Em 2015, dois marcos transformaram a resposta global à crise ecológica: a encíclica Laudato Si’ do Papa Francisco, que introduziu o paradigma da ecologia integral e apelou a uma conversão ecológica universal, e o Acordo de Paris, que comprometeu os países a limitar o aquecimento global.
 
Dez anos depois, entre guerras, crises sociais e ecológicas e uma economia que continua a excluir, o grito da terra e dos pobres permanece ensurdecedor.

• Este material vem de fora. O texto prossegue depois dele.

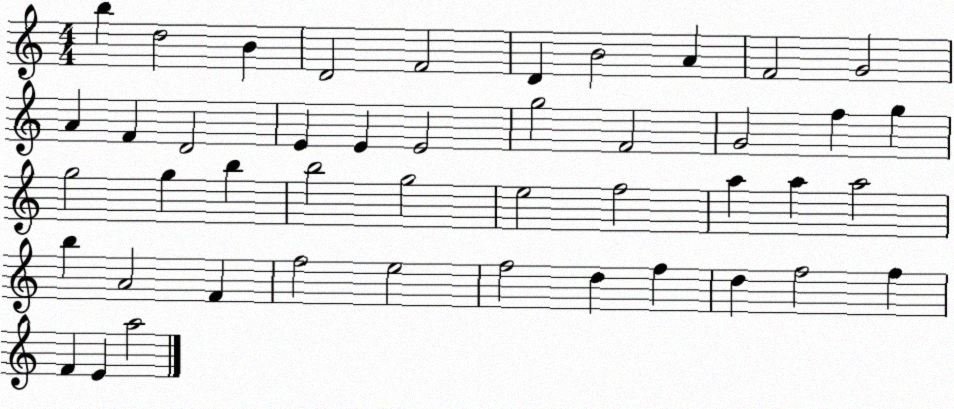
X:1
T:Untitled
M:4/4
L:1/4
K:C
b d2 B D2 F2 D B2 A F2 G2 A F D2 E E E2 g2 F2 G2 f g g2 g b b2 g2 e2 f2 a a a2 b A2 F f2 e2 f2 d f d f2 f F E a2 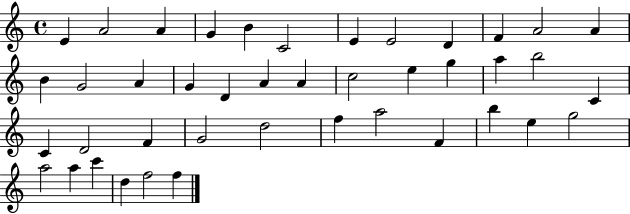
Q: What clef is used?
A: treble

Ainda assim, os frutos da Laudato Si’ florescem em comunidades, organizações e movimentos que cultivam a justiça climática, uma cultura de cuidado e uma espiritualidade ecológica.
 
No seu 10.º aniversário, e em tempo de Jubileu da Esperança, com oradores convidados como Elena Lasida – economista e professora universitária – e Austen Ivereigh – escritor, jornalista e biógrafo do Papa Francisco –, e com testemunhos de organizações que estão a viver este caminho, queremos celebrar o que foi feito, escutar os desafios do presente e sonhar em conjunto os próximos 10 anos da Laudato Si’.
 
Junte-se a nós, no dia 25 de outubro, na Casa Velha, em Vale Travesso, Ourém. Há futuro e alegria em habitar e cuidar da Casa Comum!
 
Com alegria e esperança,
A equipa da Casa Velha
 
Este evento é uma parceria entre:
Casa Velha · Universidade Católica Portuguesa · Comissão Justiça e Paz · Rede Cuidar da Casa Comum · Movimento Laudato Si’ · Companhia de Jesus · Escravas do Sagrado Coração de Jesus. E com a colaboração dos parceiros de comunicação: Ponto SJ e Agência Ecclesia.
 

Programa

  • 10h/10h30 - Chegada e Acolhimento
  • 11h - Boas Vindas
  • 11h15 - Oradores convidados - Elena Lasida e Austen Ivereigh - partilham sobre a importância da Laudato Si´ para a Igreja e para o Mundo; que caminhos se abrem para o futuro
  • 12h15 - Rodas de escuta: partilha de ecos
  • 13h - Almoço convívio
  • 15h - Laudato Si’ em ação
  • 17h - Lanche
  • 18h30 - Oração com a Criação
  • 19h15 - Encerramento
Inscrições e pagamento aqui, até dia 20 outubro .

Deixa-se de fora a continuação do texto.